*** RECORDS SHOWN ***
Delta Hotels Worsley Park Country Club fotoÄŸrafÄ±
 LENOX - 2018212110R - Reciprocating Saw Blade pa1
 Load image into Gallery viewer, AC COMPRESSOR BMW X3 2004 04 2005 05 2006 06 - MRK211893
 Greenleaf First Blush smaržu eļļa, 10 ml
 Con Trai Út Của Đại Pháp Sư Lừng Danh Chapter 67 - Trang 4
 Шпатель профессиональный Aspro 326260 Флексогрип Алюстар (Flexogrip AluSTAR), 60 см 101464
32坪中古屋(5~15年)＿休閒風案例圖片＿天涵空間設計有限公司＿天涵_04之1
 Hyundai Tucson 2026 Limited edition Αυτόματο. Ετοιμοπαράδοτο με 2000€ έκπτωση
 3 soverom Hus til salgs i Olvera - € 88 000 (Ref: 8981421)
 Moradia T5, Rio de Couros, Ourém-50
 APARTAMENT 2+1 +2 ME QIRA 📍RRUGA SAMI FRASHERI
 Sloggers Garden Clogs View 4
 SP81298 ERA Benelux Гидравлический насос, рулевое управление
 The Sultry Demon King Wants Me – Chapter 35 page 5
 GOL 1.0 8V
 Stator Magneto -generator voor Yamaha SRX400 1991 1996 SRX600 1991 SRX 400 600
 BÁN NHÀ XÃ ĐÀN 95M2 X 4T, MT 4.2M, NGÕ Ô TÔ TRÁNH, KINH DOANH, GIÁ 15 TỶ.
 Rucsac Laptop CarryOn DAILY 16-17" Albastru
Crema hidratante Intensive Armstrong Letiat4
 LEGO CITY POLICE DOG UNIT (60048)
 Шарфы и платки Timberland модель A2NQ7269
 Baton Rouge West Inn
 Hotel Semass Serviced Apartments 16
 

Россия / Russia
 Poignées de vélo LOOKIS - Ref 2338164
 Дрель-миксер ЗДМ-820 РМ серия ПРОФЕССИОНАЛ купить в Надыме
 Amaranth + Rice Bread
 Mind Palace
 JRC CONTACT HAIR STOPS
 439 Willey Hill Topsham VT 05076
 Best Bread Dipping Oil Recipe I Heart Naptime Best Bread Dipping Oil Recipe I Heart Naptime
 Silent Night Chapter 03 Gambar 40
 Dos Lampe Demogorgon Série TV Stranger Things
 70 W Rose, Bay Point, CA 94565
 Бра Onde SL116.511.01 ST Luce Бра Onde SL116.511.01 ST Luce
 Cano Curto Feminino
*** End of RECORDS SHOWN ***
### REQUIRED ACTION:
Repeat the entries above exactly, from the first line through the line containing "Greenleaf First Blush smaržu eļļa, 10 ml".

### WRITTEN RESPONSE:
Delta Hotels Worsley Park Country Club fotoÄŸrafÄ±
 LENOX - 2018212110R - Reciprocating Saw Blade pa1
 Load image into Gallery viewer, AC COMPRESSOR BMW X3 2004 04 2005 05 2006 06 - MRK211893
 Greenleaf First Blush smaržu eļļa, 10 ml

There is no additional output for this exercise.